* [Directions for this task]
Nothing but an exact copy of the listing should appear in the response.

[Recorded data — start]

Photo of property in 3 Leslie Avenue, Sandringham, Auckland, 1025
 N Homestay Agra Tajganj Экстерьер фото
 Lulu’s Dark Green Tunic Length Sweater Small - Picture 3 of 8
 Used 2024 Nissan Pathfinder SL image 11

[Recorded data — finish]

* [Exercise response]
Photo of property in 3 Leslie Avenue, Sandringham, Auckland, 1025
 N Homestay Agra Tajganj Экстерьер фото
 Lulu’s Dark Green Tunic Length Sweater Small - Picture 3 of 8
 Used 2024 Nissan Pathfinder SL image 11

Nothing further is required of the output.